Friday, December 04, 2009

The Book You Have to Read: “He Died with
His Eyes Open,” by Derek Raymond

(Editor’s note: This is the 73rd installment of our ongoing Friday blog series highlighting great but forgotten books. It is also, however, the first entry in a special miniseries honoring all five of the Factory novels penned by British writer Derek Raymond. Today The Rap Sheet welcomes Tony Black, the Australia-born Edinburgh author of the Gus Dury series [Gutted and Paying for It], who has a few things to say about Raymond’s He Died with His Eyes Open.)

I arrived at the genius of Derek Raymond too late. But, as the adage goes, better late than never. If memory serves, I’d been struggling with a reading slump. One of those dispiriting patches where nothing I picked up seemed to be what I wanted to read.

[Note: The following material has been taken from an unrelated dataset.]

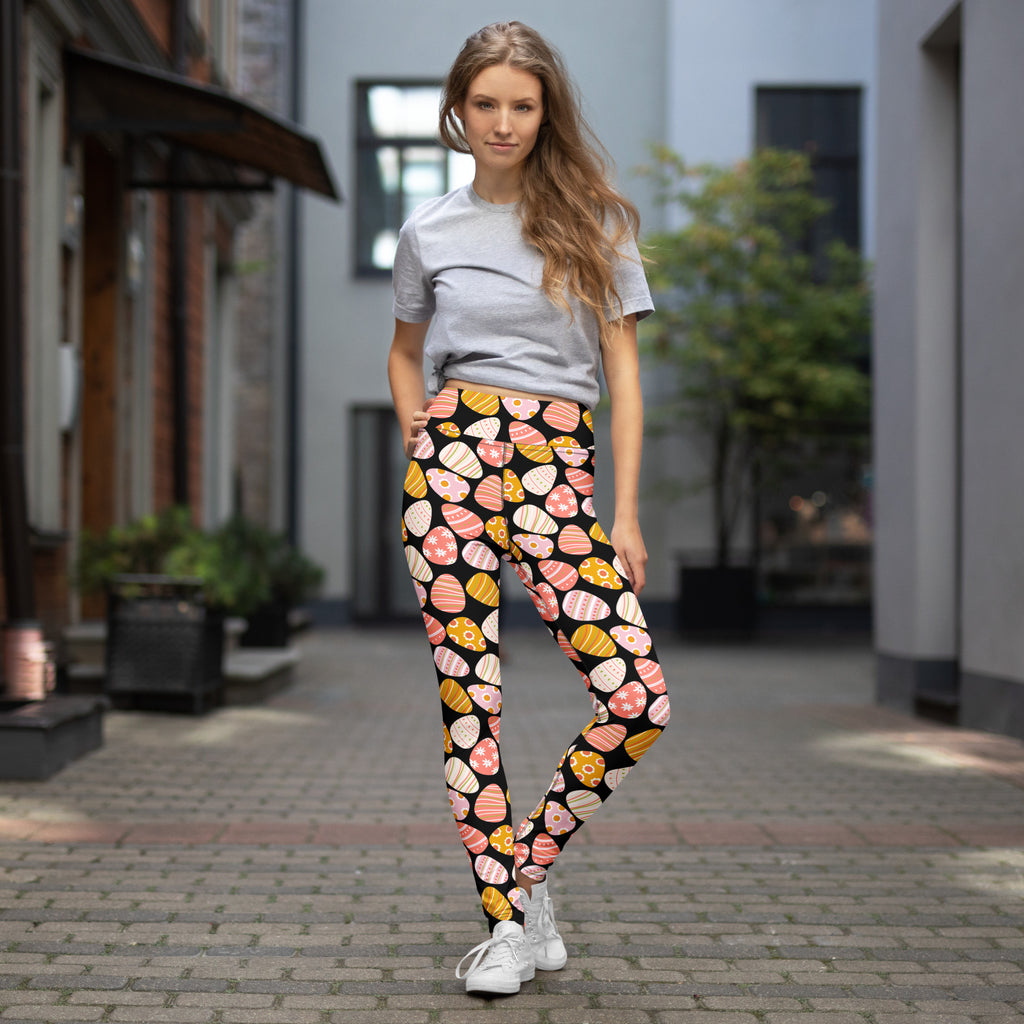 Women’s coral easter egg buttery soft black leggings with pastel pink yellow and peach patterned eggs for yoga comfort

Everything was too wordy, too writerly, or the voice grated, the story took too long to start, the prose lacked sparkle. I turned to the recommendations of well-meaning friends but struggled to get past the first few pages of anything I picked up. I couldn’t re-read, either. Even old favorites seemed unappealing. The printed word was dead to me.

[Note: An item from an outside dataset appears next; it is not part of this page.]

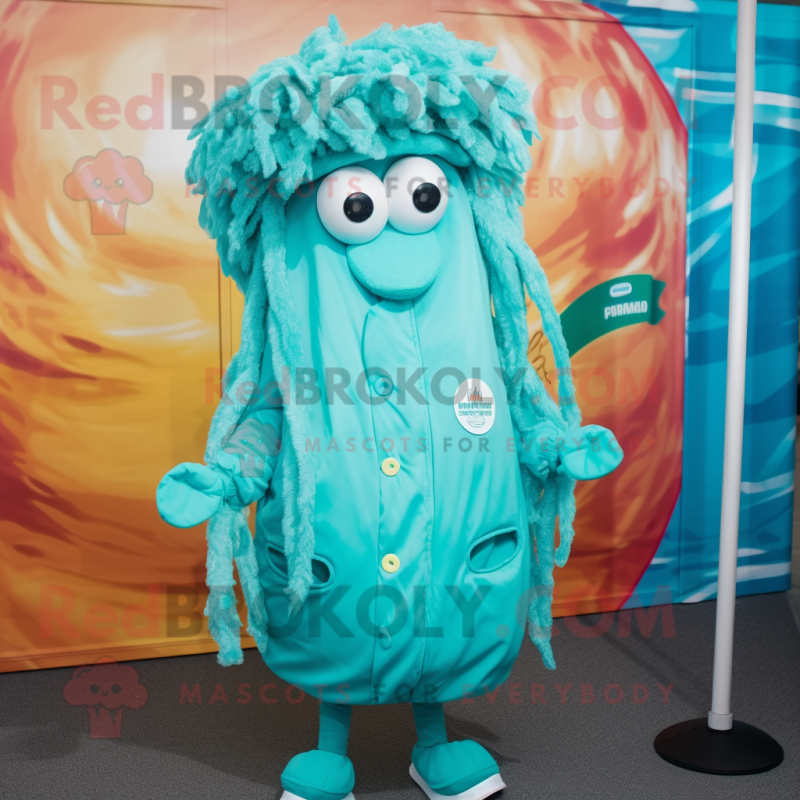 Turquoise Fried Calamari mascot costume character dressed with a Parka and Tie pins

I’d been at that point before. When I was a nipper, anything beyond comic books was a struggle for me, seemed like hard work, or worse, school work. It took an overly dramatic primary teacher’s enthusiasm for Huckleberry Finn and Treasure Island to get me reading; after discovering Mark Twain and Robert Louis Stevenson, I never looked back. I devoured those books, and, if truth be told, had been looking for that heady fix ever since ... This latest reading slump was a sure sign that I needed to up the dose once more.

I’d taken reading advice from friends before but it’s a tricky business; as any writer knows, everyone’s reading is subjective, what one person takes from a book won’t necessarily be the same as another; everyone filters the page through his or her own worldview, tastes, and assumptions. Taking a book to read from a friend is like letting someone else pick your dinner from the menu.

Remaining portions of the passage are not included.